WHAT YOU HAVE TO DO - Leave every picture out and return the rest of the listing verbatim.

INFORMATION SHOWN -
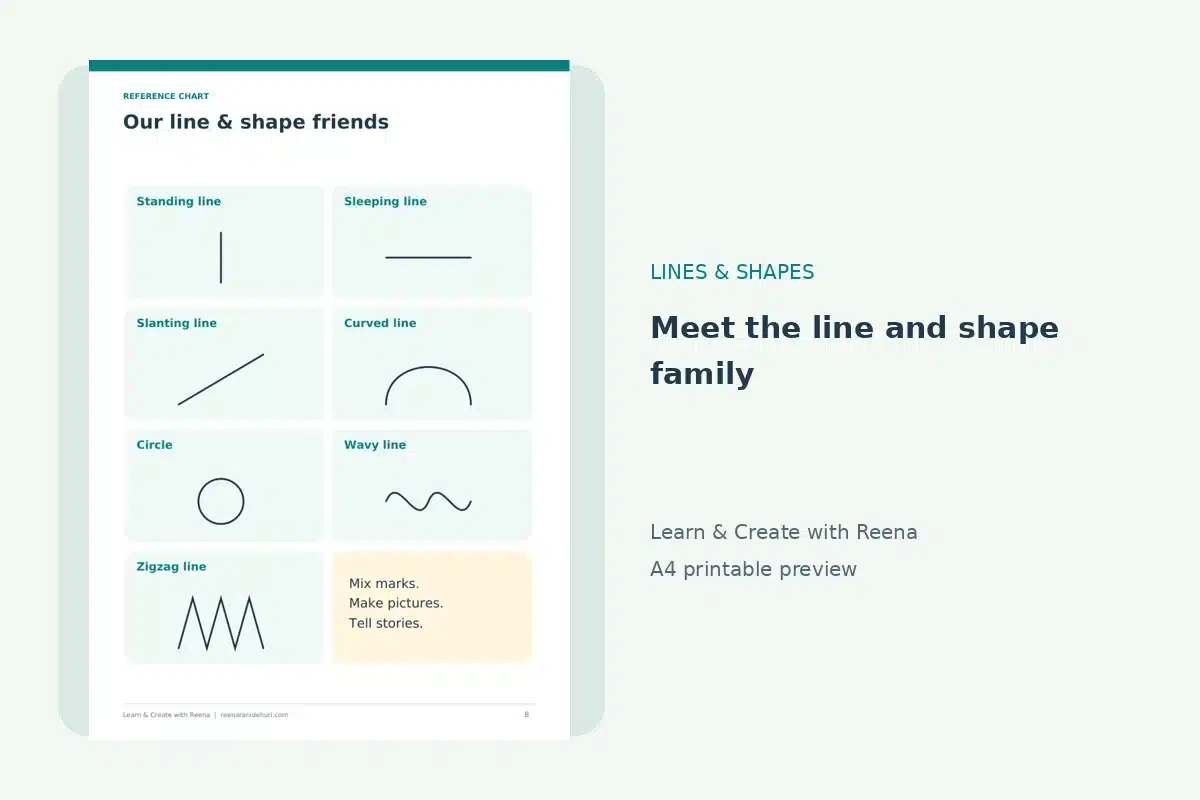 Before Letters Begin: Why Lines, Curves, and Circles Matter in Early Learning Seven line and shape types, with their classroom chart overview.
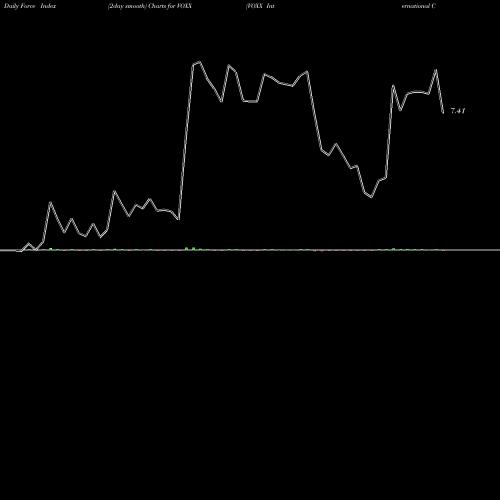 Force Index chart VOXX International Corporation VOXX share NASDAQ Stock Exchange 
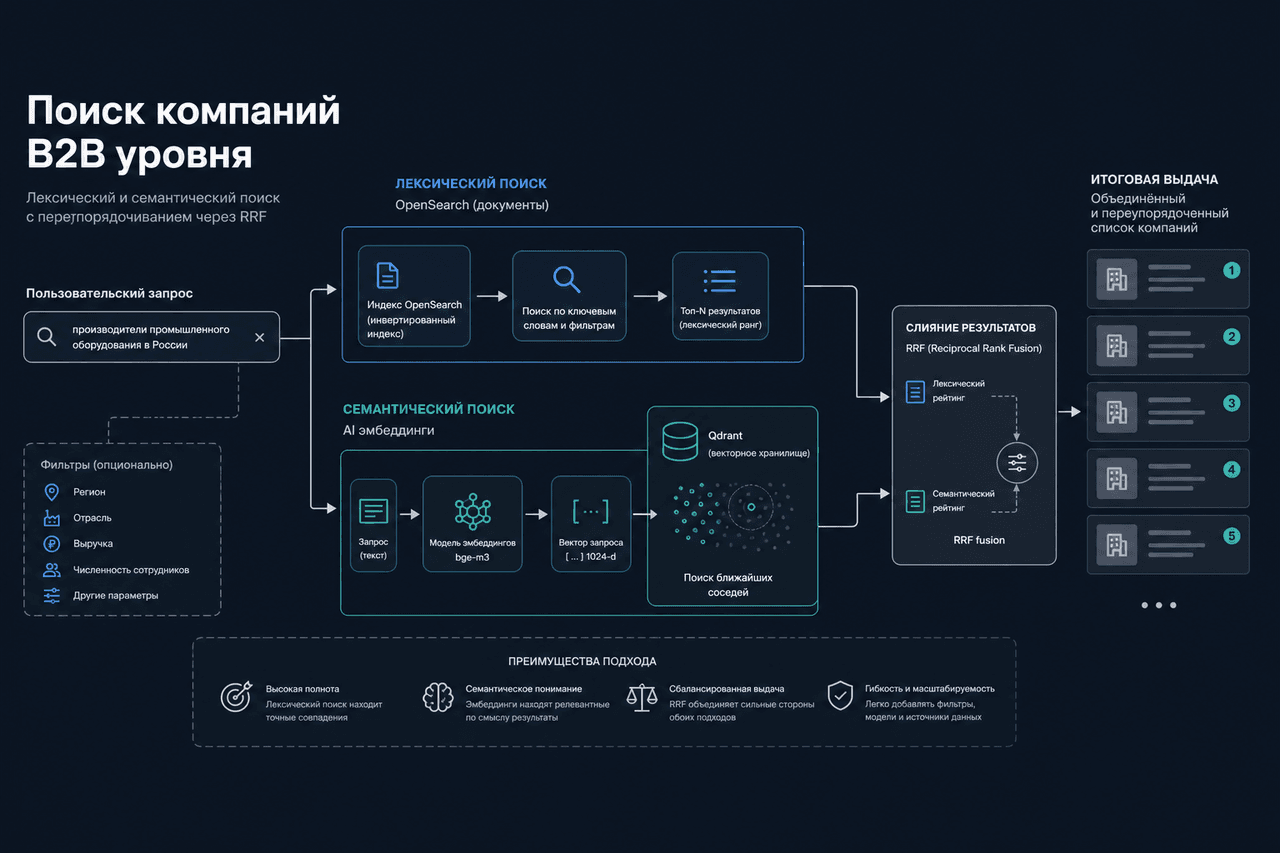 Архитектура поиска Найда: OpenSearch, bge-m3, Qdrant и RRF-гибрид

PROBLEM SOLUTION -
 Before Letters Begin: Why Lines, Curves, and Circles Matter in Early Learning Seven line and shape types, with their classroom chart overview.
 Force Index chart VOXX International Corporation VOXX share NASDAQ Stock Exchange 
 Архитектура поиска Найда: OpenSearch, bge-m3, Qdrant и RRF-гибрид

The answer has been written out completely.